MATA INDONESIA, JAKARTA – Presiden Joko Widodo (Jokowi) dan Menteri Agama (Menag) Yaqut Cholil Qoumas menjadi korban hoaks terkait peringatan tahun baru Islam 1443 H. Mereka dianggap tak menyampaikan ucapan selamat kepada umat Islam di tanah air.
Bahkan ada oknum tak bertanggungjawab membuat narasi bahwa tidak ada stasiun televisi baik milik negara maupun swasta yang memberitakan atau menayangkan ucapan dari Jokowi maupun dari Menag Gus Yaqut. Tak hanya itu, ada yang malah mengganggap Indonesia sudah menjadi negara komunis.
Hal ini mendapat kecaman keras dari Direktur Lembaga Pemilih Indonesia (LPI) Boni Hargens. Ia menegaskan bahwa Indonesia adalah negara demokrasi, bukan teokrasi atau negara agama.
Ia juga menilai Presiden Jokowi sudah memperlihatkan sikap hormatnya kepada semua agama dan keyakinan yang ada di tanah air. Bahkan agama Islam selalu mendapat tempat yang spesial di mata presiden. Hal itu sudah ditunjukkan dengan sikap hidup, seluruh tutur kata dan perbuatannya sebagai pribadi maupun sebagai presiden.
“kalau ada yang membuat fitnah, itu hanya mainan politik untuk merusak citra presiden dan pemerintah. Yang melakukan active measures dengan penyebaran disinformasi dan agitasi adalah mereka yang menentang demokrasi. Siapapun presiden yang datang dari partai nasionalis akan mereka lawan,” ujarnya kepada Mata Indonesia, Kamis 12 Agustus 2021.
Boni juga menekankan bahwa Menag Gus Yaqut juga sosok nasionalis yang religius. Dia bertindak sebagai menteri agama untuk semua agama dan seluruh rakyat Indonesia. Dia bukan menteri salah satu agama saja.
“Saya heran kenapa model politik fitnah, hoaks, dan disinformasi macam ini masih laris. Mereka tentu bermain untuk agenda politik 2024 dan untuk agenda jangka panjang yaitu mendirikan sistem pemerintahan yang tidak sejalan dengan model demokrasi,” katanya.

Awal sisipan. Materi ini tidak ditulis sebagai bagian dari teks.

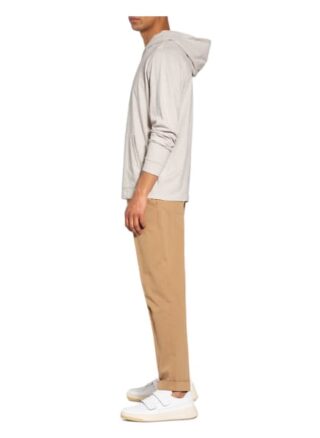 Theory Hoodie Herren, Grau
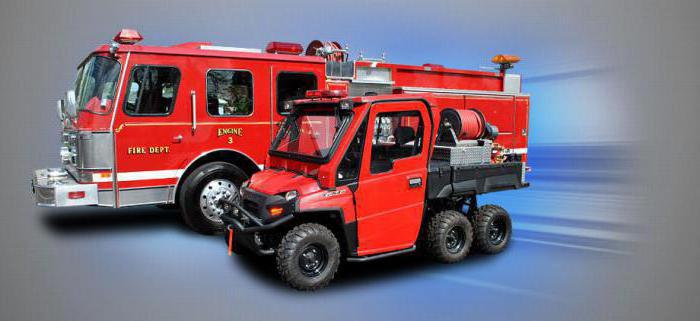 назначение основных пожарных автомобилей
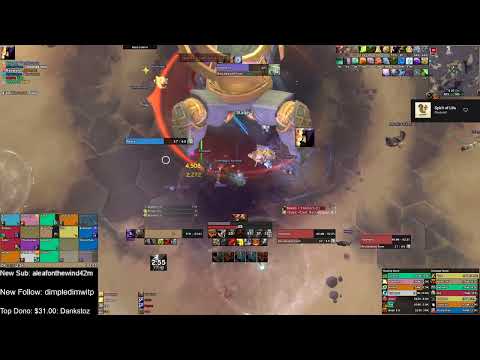 Mythic Halondrus | Venthyr Fury Warrior PoV | Apex US Alliance Undermine/Anvilmar connected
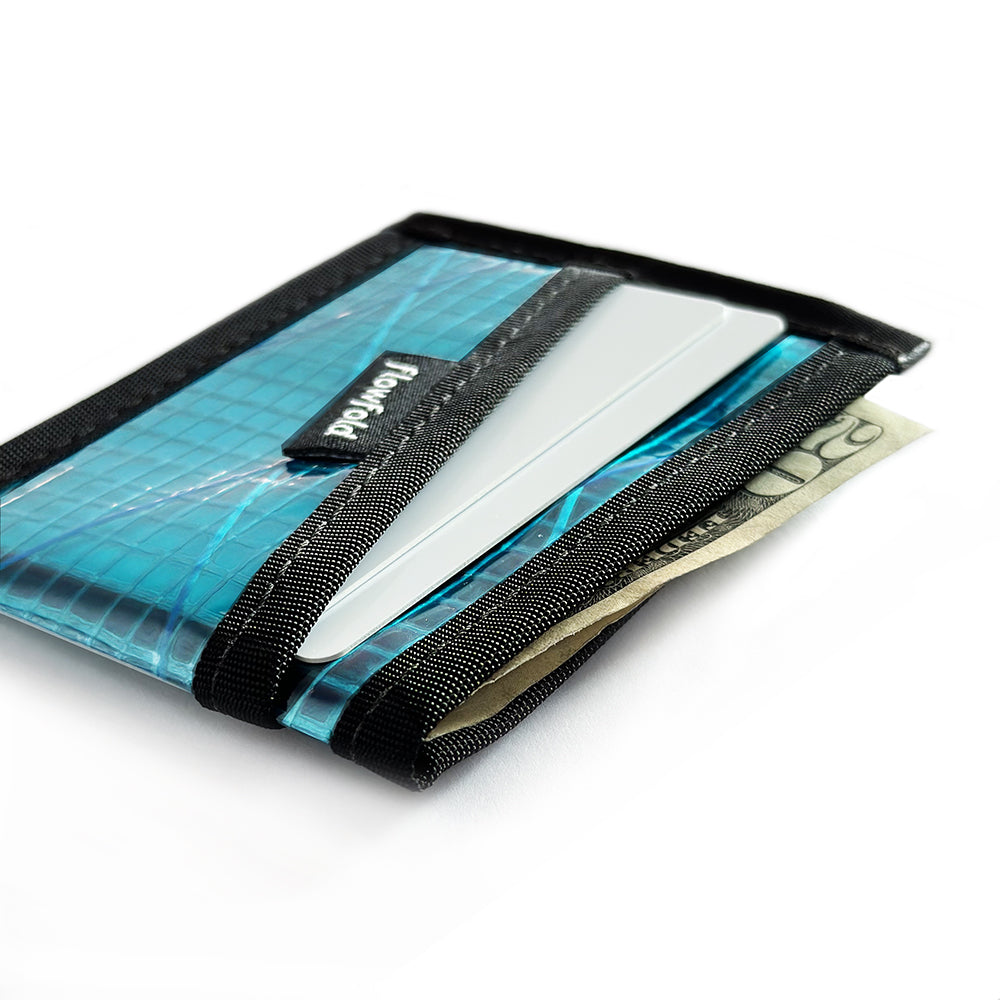 Recycled Sailcloth Craftsman - Three Pocket Wallet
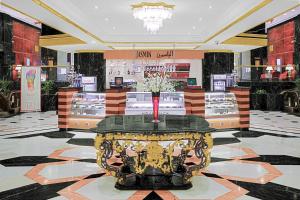 Vstupní hala nebo recepce v ubytování Makkah Hotel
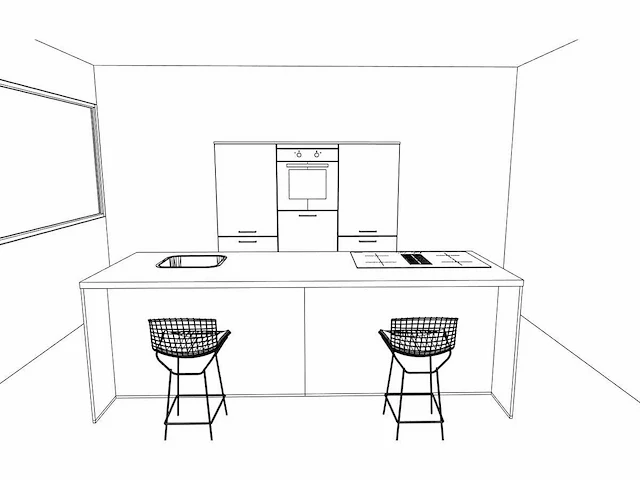 Häcker concept130 - topsoft kashmir mat - keukenopstelling - afbeelding 19 van  19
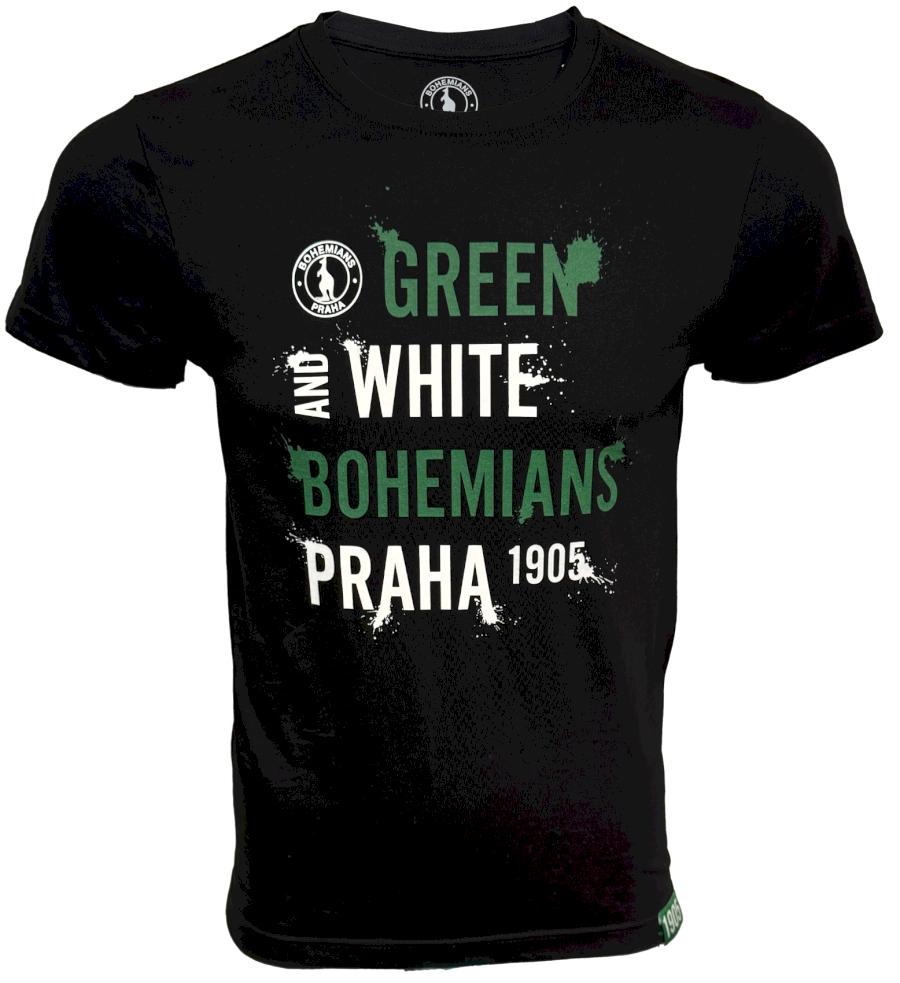 5473-tricko panske cerne green white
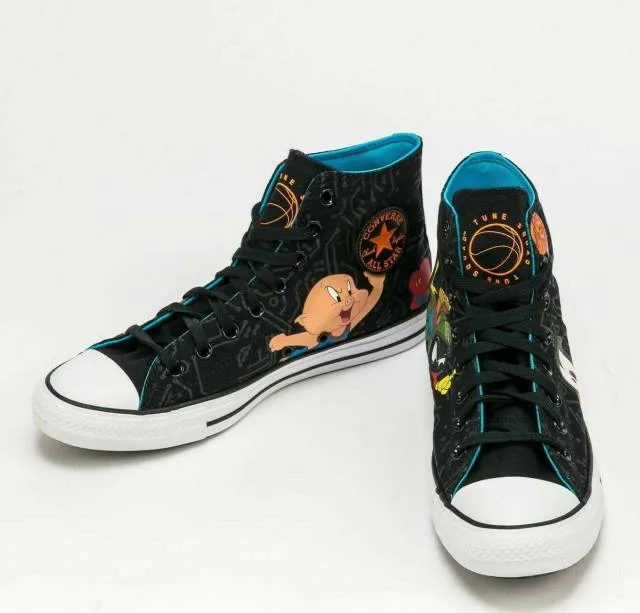 Space jam x converse chuck taylor all star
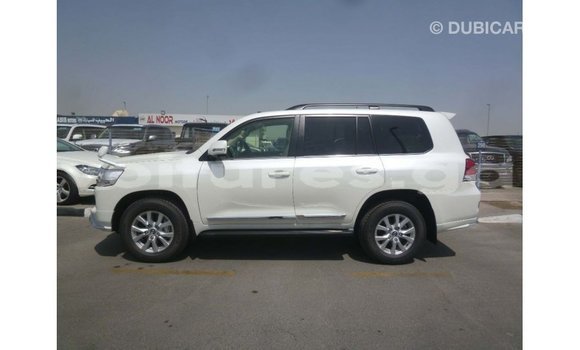 Sayi Imported Toyota Land Cruiser White Mota in Import - Dubai a estuary Sayi Imported Toyota Land Cruiser White Mota in Import - Dubai a estuary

Ia pun mengungkapkan bahwa hal ini adalah kerjaan buzzer yang anti pemerintah. Buzzers yang selalu menyerang pemerintah selama ini didominasi oleh kelompok populis sayap kanan. Kehadiran kelompok ini di Timur Tengah, sudah dianggap sebagai musuh demokrasi.
Menurut Boni, setelah Arab Spring yang bermula di Tunisia tahun 2010, mereka berkembang subur dan justru menjadi ancaman bagi banyak demokrasi di sana karena gerakan politik mereka yang anti demokratik.
“Kita tidak ingin Indonesia menjadi seperti Suria, Mesir, dan sebagainya di mana kelompok populis sayap kanan ini sempat melakukan aksi kekerasan yang mengancam tatanan demokrasi di sana,” ujarnya.